Tuesday, September 23, 2014

Comparing constant duration profiles

I was putting together my slides for Open World, and in one of them I'm showing profile data from a server-style workload. ie one that keeps running until stopped. In this case the profile can be an arbitrary duration, and it's the work done in that time which is the important metric, not the total amount of time taken.

Profiling for a constant duration is a slightly unusual situation. We normally profile a workload that takes N seconds, do some tuning, and it now takes (N-S) seconds, and we can say that we improved performance by S/N percent.
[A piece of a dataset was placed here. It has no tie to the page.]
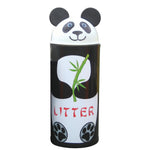 ANIMAL LITTER BINS, Panda, Each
This is represented by the left pair of boxes in the following diagram:

In the diagram you can see that the routine B got optimised and therefore the entire runtime, for completing the same amount of work, reduced by an amount corresponding to the performance improvement for B.
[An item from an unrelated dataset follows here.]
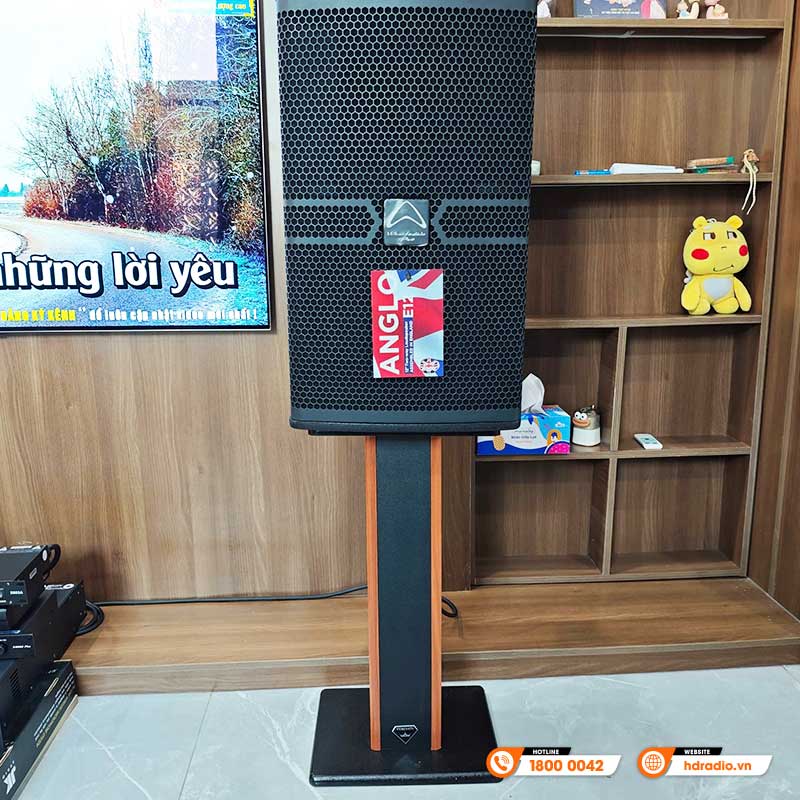 Lắp đặt bộ Dàn karaoke cao cấp cho anh Bình ở Bà Rịa - Vũng Tàu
Let's run through the same scenario, but instead of profiling for a constant amount of work, we profile for a constant duration. In the diagram this is represented by the outermost pair of boxes.

Both profiles run for the same total amount of time, but the right hand profile has less time spent in routine B() than the left profile, because the time in B() has reduced more time is spent in A(). This is natural, I've made some part of the code more efficient, I'm observing for the same amount of time, so I must spend more time in the part of the code that I've not optimised.

So what's the performance gain? In this case we're more likely to look at the gain in throughput. It's a safe assumption that the amount of time in A() corresponds to the amount of work done - ie that if we did T units of work, then the average cost per unit work A()/T is the same across the pair of experiments. So if we did T units of work in the first experiment, then in the second experiment we'd do T * A'()/A(). ie the throughput increases by S = A'()/A() where S is the scaling factor. What is interesting about this is that A() represents any measure of time spent in code which was not optimised. So A() could be a single routine or it could be all the routines that are untouched by the optimisation.